Enfin, pas tout à fait, il y a quelques manques au démarrage.
a remière hrase st n eu ronquée
Je veux dire " Ma première phrase est un peu tronquée !"
Il faut que ça se rode, c'est neuf.
Et là, je suis un peu déstabilisé. La plume glisse trop et freine parfois brusquement en frottant sur la feuille. Mes lettres sont un peu déformées, irrégulières.
ça va se faire, c'est neuf !
Trois jours passent avec des pages et des pages d'écriture, un peu hésitante, avec toujours quelques lettres qui anquent par ci ar là.
Le mardi soir, je me rends à ma boutique de stylos préférée. Ils sont adorables, même si cette fois-ci le stylo ne vient pas de chez eux.
J'attends sagement mon tour et présente mon 149 sur le comptoir.
-Ah ? Vous avez encore fait des infidélités à Pelikan ?

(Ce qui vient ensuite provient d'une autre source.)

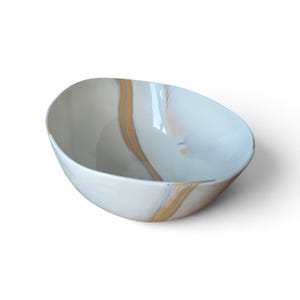 May include: A smooth, asymmetrical ceramic bowl featuring a glossy white finish with prominent, flowing vertical streaks of warm orange and soft grey marble-like patterns that wrap around the curved interior and exterior surfaces of the vessel.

-Oui, depuis "l'Heritage 1912" que j'ai pris chez vous, je m'intéresse un peu à la marque. J'ai quelques question à vous poser. J'ai l'impression que le piston coince un peu, vous pouvez essayer, j'ai vidé le stylo.

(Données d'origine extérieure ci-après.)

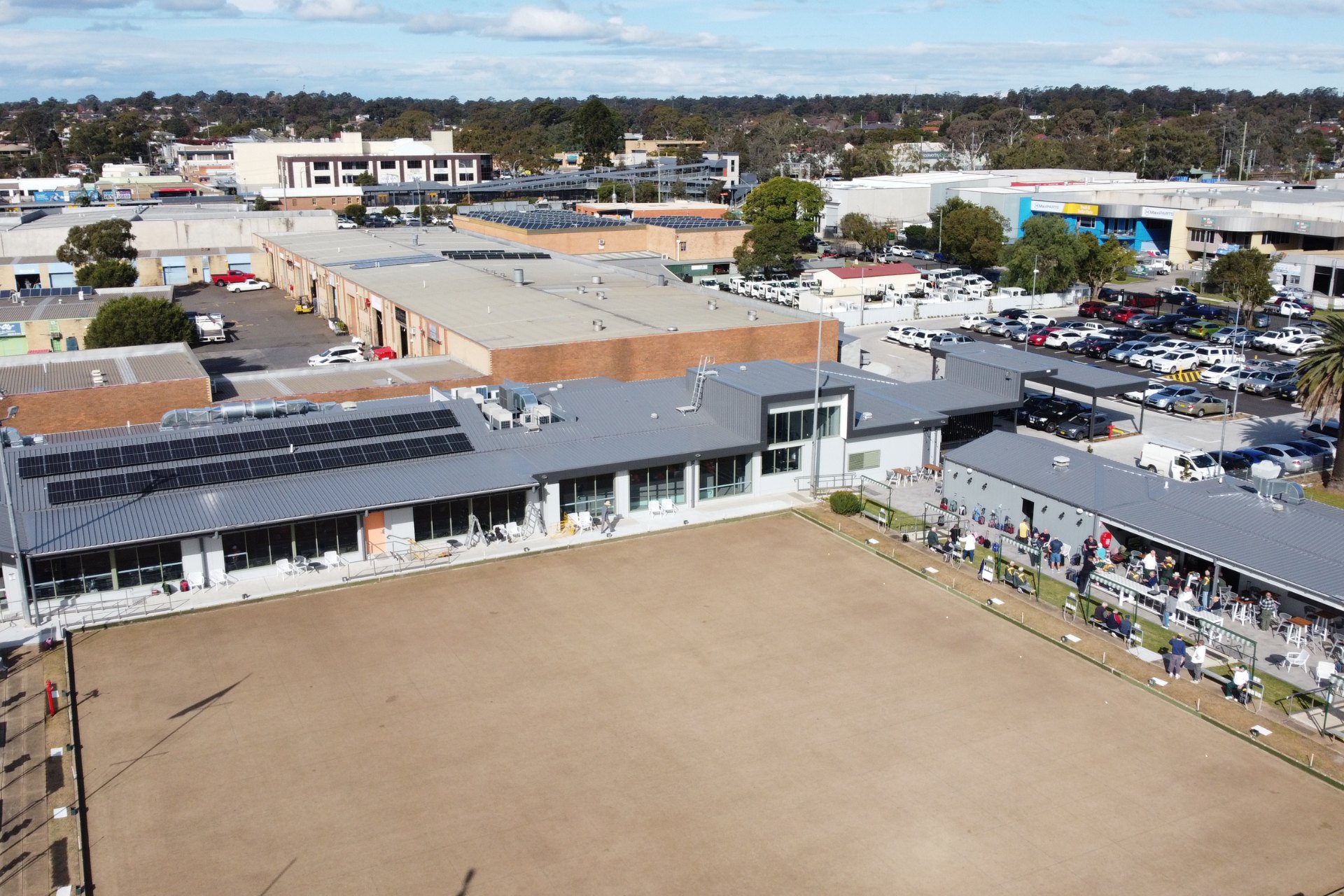 Commercial building with metal roofing and solar panels above an outdoor dining area with modern seating. Surrounded by older industrial units in the background.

"Couic couic clac clac clac (bruit du piston qui saccade)"
- Non, c'est "normal". C'est ajusté un peu serré lors de la fabrication pour éviter les fuites.
Et là, rêveur, j'imagine le vieil homme courbé sur son établi. Son beau métier est aléseur de corps de Montblanc 149.

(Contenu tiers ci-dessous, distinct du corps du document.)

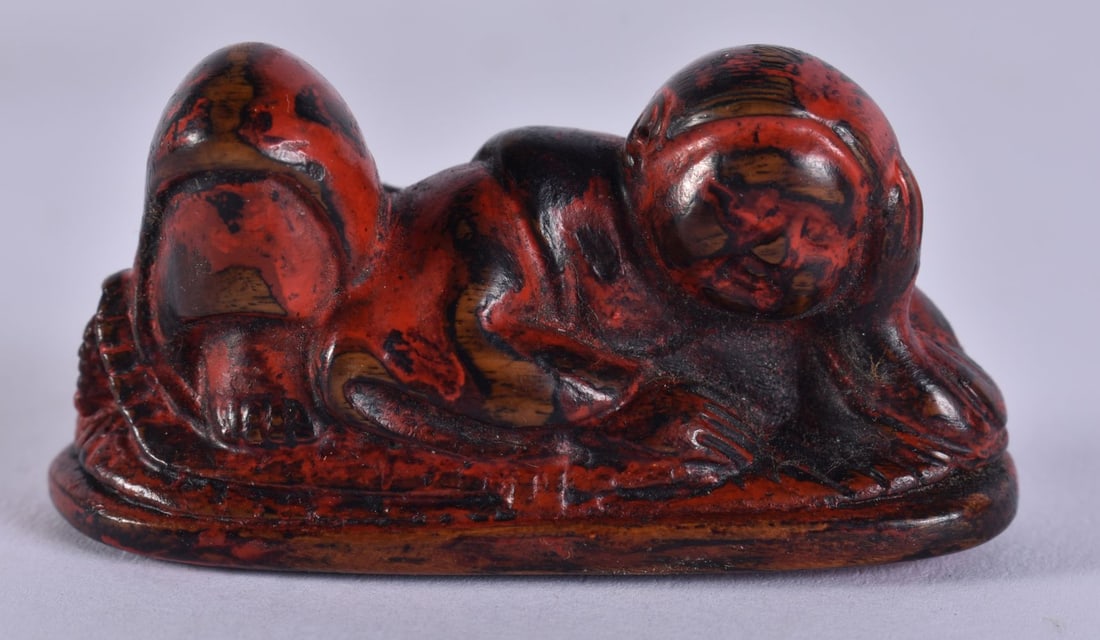 A 19TH CENTURY JAPANESE MEIJI PERIOD NEGORO LACQUERED WOOD NETSUKE. 5.5 cm x 2.5 cm. (1 of 4)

Il a bien conscience que son alésoir est un peu usé et que le diamètre est un peu juste pour le piston. Mais nous sommes Vendredi et il le remplacera lundi matin sans faute ! Le vieil homme pense déjà à la liste des courses qu'il doit aller faire avec Maman, après la sortie de l'usine. C'est sûrement ce corps de stylo que j'ai entre les mains !
C'est beau.
La douce voix de la vendeuse me tire de mes songes.
-Vous aviez une autre question ?
-Euh oui, je trouve que ça n'écrit pas très bien.
La plume est aussitôt trempée dans de l'encre bleue.
La vendeuse griffonne "c'est normal".
- Rien d'anormal ?
-Non, c'est "normal", c'est écrit.
Vous savez, ces plumes sont faites à la main ! C'est d'ailleurs votre main qui se fera à la plume !
C'est Montblanc !
-Bon, j'aurais préféré que ce soit la plume qui se fasse à ma main, comme chez Pelikan... c'est plus simple.
Mais si ma main se fait à ce 149, je ne pourrai plus écrire avec mes Pelikan, c'est embêtant. (Rires)
C'est le lot des plumes faites à la main, elles sont toutes uniques.
C'est beau.
De nouveau, je me prends à rêver et j'imagine cette belle blondinette en train de polir soigneusement les plumes qui tombent régulièrement dans un panier à coté d'elle.
Nous sommes un vendredi et elle pense qu'il faut aller chercher les moufflets chez Papy et Mamie.
La plume qui est entre ses mains est restée un peu trop longtemps sous le tampon de la polisseuse. C'est celle qui sera assemblée sur mon 149 chéri !
C'est beau.
Je sors apaisé de la boutique avec mon beau et unique 149 soigneusement rangé dans son étui.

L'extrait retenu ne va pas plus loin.